The Ministry of Transportation announced on Tuesday the result of the investigation into Didi Chuxing, which was launched just days after the second killing of a female passenger by her driver.
Authorities said Didi’s carpool service Hitch lacks adequate safety measures which could lead to major safety hazards, according to Xinhua (in Chinese). Authorities also slammed Didi for “failing to conduct driver qualification and background checks.” The ministry said that there are still a large number of illegal cars and unqualified drivers on Didi’s platform, adding that many of the safety personnel are also unlicensed.
The ministry said Didi Hitch should not only be suspended before meeting necessary regulatory requirements, but it should also clean up the illegal activities plaguing its platform.

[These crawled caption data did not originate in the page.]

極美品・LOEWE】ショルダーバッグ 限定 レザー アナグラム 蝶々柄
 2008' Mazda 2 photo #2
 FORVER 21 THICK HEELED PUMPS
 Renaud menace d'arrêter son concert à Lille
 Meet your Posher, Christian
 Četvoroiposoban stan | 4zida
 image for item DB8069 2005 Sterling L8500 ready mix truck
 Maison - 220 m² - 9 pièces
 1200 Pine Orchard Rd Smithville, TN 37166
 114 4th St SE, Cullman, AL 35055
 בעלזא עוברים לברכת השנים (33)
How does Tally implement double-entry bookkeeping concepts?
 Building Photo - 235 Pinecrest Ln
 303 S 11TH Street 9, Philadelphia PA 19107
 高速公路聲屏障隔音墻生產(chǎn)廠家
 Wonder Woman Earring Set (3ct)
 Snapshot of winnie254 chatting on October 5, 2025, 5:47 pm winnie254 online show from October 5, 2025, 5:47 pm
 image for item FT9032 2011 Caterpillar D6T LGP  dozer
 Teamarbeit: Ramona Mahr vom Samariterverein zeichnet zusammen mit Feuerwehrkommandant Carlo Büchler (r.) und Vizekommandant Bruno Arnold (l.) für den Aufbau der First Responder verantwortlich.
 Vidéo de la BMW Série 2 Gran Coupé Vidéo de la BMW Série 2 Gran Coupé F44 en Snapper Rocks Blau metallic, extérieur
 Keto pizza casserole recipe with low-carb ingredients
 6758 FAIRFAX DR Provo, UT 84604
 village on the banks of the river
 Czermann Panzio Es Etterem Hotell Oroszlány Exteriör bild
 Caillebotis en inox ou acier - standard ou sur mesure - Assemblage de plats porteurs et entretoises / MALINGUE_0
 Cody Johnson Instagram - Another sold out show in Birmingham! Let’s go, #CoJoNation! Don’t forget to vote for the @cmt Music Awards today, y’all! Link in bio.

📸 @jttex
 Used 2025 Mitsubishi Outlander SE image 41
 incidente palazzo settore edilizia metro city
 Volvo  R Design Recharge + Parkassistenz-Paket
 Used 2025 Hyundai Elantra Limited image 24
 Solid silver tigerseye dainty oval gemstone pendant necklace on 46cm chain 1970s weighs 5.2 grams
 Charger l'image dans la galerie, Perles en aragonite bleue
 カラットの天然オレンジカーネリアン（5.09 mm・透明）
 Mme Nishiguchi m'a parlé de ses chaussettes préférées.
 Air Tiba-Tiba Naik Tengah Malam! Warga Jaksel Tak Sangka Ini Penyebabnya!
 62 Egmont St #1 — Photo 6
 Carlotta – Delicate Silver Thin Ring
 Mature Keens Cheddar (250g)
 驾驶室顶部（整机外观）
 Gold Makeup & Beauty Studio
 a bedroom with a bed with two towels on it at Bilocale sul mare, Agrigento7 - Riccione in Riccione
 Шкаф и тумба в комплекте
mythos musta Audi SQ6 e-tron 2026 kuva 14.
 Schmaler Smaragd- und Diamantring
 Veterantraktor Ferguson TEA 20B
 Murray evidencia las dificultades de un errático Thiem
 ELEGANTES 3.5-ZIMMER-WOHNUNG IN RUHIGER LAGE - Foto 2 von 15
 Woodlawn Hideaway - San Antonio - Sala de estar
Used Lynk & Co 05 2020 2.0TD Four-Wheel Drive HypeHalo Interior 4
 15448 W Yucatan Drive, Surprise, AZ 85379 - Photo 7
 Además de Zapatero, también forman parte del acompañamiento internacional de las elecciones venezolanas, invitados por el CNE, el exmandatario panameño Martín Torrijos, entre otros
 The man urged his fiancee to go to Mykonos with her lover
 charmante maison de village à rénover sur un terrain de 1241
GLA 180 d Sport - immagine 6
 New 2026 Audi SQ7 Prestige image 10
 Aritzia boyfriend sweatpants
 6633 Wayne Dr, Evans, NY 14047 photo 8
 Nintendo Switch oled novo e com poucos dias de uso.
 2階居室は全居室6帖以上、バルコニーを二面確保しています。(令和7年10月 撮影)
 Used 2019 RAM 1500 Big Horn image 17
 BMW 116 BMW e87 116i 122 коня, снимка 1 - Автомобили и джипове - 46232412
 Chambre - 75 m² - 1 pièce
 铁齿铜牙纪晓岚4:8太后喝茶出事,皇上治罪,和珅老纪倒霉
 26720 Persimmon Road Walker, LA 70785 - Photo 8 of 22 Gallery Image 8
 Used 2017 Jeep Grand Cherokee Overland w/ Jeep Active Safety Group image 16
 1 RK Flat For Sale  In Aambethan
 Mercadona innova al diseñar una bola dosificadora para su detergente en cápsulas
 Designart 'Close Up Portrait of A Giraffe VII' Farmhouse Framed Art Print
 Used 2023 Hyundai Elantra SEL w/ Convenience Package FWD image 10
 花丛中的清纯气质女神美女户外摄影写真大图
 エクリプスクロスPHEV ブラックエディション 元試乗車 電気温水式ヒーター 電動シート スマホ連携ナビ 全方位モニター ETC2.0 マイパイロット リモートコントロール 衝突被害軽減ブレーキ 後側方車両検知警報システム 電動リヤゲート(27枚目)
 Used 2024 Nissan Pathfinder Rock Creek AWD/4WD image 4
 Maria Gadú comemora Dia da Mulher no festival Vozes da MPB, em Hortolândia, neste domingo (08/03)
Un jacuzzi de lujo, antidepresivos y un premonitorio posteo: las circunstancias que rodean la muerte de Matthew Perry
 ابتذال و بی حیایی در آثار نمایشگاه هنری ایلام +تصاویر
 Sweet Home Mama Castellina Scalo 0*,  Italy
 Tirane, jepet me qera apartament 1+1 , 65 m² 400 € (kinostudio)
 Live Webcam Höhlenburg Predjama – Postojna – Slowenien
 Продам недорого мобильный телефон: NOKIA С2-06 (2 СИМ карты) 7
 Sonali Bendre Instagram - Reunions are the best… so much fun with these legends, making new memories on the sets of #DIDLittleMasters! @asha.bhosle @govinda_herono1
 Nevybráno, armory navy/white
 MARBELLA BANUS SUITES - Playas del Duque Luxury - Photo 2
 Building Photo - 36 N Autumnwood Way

Furthermore, authorities also said executives and legal representatives should be fined and penalized for their negligence but did not specify the amount the fines should be.
Although the investigation was targeted at Didi Chuxing, it was actually an industry-wide crackdown that hit 7 other ride-hailing platforms including Shouqi, Shenzhou, CaoCao, Yidao Yongche, Meituan, DiDa, and Autonavi. The ministry said it will also take necessary steps against anti-competitive behavior in the ride-hailing industry.
In response to the conclusion of the investigation, founder and CEO of Didi Chuxing Cheng Wei said in a press release today that Didi’s will continue its safety rectification program for the next 6 months, and the Hitch service “will remain suspended indefinitely.”
The company said it will comply with regulatory requirements proposed by the Ministry and will “strengthen safety audits, organize offline inspections and driver interviews.” Moreover, the company will take an active role in organizing training sessions for drivers as well as helping drivers to acquire the necessary licenses, said Cheng.
Didi will also ramp up investment in safety products and improve existing safety measures such as audio and video recording during rides and one-tap panic button.
“As a young company, Didi still needs to work on many shortcomings and imperfections that have brought the public great concern,” Cheng admittedly said.